He Kidnapped Black People, Then They Named This Jail After Him

illustration of richard riker
Zain Murdock
October 17, 2022

From COVID-19 to unbelievably filthy facilities to deaths, the 2021 human rights crisis at Rikers Island was so bad they even called on the White House for help. But in order to understand this NYC jail’s horrors, we have to go back to the 1800s, to this jail’s unsurprising roots in slavery.  

And this name: Richard Riker.

Magistrate Richard Riker owned the island after his Dutch relative Abraham Rycken bought it a couple centuries back. And what was he known for? Using the Fugitive Slave Act to run the pro-slavery anti-Black “Kidnapping Club.”

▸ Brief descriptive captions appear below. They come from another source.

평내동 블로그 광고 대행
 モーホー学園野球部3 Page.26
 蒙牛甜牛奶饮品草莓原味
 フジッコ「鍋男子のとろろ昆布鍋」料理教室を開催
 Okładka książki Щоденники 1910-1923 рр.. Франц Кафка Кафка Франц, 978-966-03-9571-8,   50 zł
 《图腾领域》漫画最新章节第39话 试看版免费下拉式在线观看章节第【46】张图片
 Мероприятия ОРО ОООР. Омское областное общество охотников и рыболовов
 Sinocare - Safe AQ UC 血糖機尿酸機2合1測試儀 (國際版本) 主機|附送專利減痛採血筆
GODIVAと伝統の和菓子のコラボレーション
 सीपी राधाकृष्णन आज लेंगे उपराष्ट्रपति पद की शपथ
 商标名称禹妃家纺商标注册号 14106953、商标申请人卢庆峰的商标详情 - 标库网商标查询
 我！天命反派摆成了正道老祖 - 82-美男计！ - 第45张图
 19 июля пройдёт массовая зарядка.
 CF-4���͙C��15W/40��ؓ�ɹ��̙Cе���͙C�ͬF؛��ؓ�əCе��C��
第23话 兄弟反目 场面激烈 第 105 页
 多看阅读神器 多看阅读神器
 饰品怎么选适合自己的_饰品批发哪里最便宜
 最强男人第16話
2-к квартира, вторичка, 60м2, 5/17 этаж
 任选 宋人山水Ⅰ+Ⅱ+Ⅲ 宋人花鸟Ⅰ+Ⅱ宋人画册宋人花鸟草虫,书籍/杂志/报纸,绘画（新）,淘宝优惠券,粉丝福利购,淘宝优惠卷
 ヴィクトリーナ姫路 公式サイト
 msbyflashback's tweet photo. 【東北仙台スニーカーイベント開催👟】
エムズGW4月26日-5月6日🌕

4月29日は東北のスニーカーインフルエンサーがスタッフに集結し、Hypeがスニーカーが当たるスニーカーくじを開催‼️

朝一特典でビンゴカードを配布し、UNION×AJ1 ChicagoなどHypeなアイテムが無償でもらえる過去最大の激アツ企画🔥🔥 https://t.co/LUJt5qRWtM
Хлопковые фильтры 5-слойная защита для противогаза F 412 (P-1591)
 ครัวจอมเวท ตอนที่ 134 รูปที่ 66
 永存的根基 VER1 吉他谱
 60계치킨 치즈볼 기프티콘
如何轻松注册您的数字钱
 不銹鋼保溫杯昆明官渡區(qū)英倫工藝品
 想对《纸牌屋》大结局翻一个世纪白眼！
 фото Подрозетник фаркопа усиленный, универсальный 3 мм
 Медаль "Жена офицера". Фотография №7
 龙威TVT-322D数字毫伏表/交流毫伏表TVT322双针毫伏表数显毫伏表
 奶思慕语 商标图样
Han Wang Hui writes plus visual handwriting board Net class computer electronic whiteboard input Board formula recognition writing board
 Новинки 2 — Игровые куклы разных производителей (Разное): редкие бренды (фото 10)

It didn’t matter if a Black person was free or not. When they were captured, and brought before Riker in court, he was responsible for deporting them to the South before they could even get a lawyer or witness to testify that they were free! 

And, of course, being a member of this “club” helped line his pockets.

Today, with eerie similarity, Black people are the main demographic of Rikers Island. 85% are simply locked up while awaiting trial, often because they can’t afford bail.

When we say we want to challenge the system, it serves us to know its history. Incarceration has always been rooted in anti-Black brutality. We can’t change that through incremental or reformative change – it needs to be pulled up and destroyed from the root.